Potremmo continuare a lungo nell’elencare quanti hanno trovato in questo precetto l’anima autentica della morale biblica e la sorgente della vera spiritualità.
Per stare ancora alla Bibbia, ricorderò solo la dichiarazione lapidaria
di san Giacomo: «Se adempite il più importante dei comandamenti secondo
la Scrittura: Amerai il prossimo tuo come te stesso, fate bene» (2,8).

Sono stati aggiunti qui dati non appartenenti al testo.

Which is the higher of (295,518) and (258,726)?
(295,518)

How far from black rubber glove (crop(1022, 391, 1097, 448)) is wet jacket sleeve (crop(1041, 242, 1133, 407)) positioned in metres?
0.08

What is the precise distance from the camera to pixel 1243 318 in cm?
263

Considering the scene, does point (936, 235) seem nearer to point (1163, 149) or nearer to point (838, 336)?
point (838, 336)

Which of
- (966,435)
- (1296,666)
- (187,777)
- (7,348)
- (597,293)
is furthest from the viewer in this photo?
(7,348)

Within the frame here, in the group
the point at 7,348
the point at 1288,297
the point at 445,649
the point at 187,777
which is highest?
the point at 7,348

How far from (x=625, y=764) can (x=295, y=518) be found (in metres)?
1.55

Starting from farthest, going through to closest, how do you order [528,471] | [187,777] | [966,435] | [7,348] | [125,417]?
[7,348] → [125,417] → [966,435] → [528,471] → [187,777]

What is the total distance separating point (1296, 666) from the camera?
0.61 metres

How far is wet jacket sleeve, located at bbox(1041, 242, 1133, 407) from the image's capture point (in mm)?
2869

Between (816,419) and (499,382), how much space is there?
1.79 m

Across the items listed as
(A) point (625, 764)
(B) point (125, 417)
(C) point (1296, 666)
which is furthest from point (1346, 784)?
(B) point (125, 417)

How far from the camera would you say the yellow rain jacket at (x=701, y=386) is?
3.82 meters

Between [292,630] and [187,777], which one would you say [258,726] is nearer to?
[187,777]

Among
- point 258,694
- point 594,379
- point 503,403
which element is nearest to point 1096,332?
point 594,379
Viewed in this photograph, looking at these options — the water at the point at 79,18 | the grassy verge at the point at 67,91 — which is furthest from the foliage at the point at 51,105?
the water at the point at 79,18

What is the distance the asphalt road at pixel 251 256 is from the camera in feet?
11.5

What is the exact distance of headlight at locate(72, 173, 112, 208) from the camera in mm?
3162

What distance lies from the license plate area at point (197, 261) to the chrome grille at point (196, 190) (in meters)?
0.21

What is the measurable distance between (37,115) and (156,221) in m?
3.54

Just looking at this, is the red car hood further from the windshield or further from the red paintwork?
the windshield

Vorrei, invece, fare solo due note sul versetto del Levitico (ossia dei
sacerdoti, i figli di Levi, il terzo libro della Bibbia). In esso,
innanzitutto, si parla esplicitamente dei «figli del tuo popolo», cioè
di Israele. L’impegno dell’amore è, quindi, circoscritto a un orizzonte
preciso, quello della comunità ebraica.
Sappiamo, però, che già i profeti allargheranno questo spazio, invitando a condividere l’amore di Dio per tutte le sue creature:
«Benedetto sia l’Egiziano mio popolo, l’Assiro opera delle mie mani e
Israele mia eredità» (Isaia 19,25). E i sapienti biblici ricorderanno
che il Signore «ha compassione di tutti… e ama tutte le cose esistenti e
nulla disprezza di quanto ha creato perché, se avesse odiato qualcosa,
non l’avrebbe neppure creata» (Sapienza 11,23-24). Le frontiere saranno abbattute ulteriormente nel cristianesimo
allorché Gesù, commentando proprio il passo del Levitico, presenterà
un’applicazione quasi provocatoria, introducendo anche l’amore per il
nemico e giungendo così alla radice ultima del precetto
anticotestamentario: «Amate i vostri nemici e pregate per i vostri
persecutori» (Matteo 5,44). Il “prossimo” ora è divenuto veramente
l’altro, chiunque e comunque egli sia, un altro che tu trasformi in un
“io” che è come te stesso.
Una seconda nota sull’appello “levitico”. In apertura esso evoca due
realtà antitetiche all’amore: la vendetta e il rancore. A incarnare
nella sua forma estrema questo antipodo della carità è Lamek, il
discendente di Caino che minaccia così: «Uccido un uomo per una mia
scalfittura e un ragazzo per un mio livido. Sette volte sarà vendicato
Caino, ma Lamek settantasette» (Genesi 5,23-24). È il canto selvaggio
della vendetta a spirale, della zampata bestiale che gode del sangue
versato, della logica distruttrice della guerra che ignora ogni prossimo
in un empito insaziabile di odio per il nemico. Risuona, allora, per
contrasto l’ideale nuova applicazione del comandamento del Levitico nelle parole che Cristo rivolge a Pietro
che chiedeva: «Quante volte devo perdonare al mio fratello, se pecca
contro di me? Fino a sette volte?». E Gesù replica: «Non ti dico fino a
sette, ma fino a settanta volte sette!» (Matteo 18,21-22).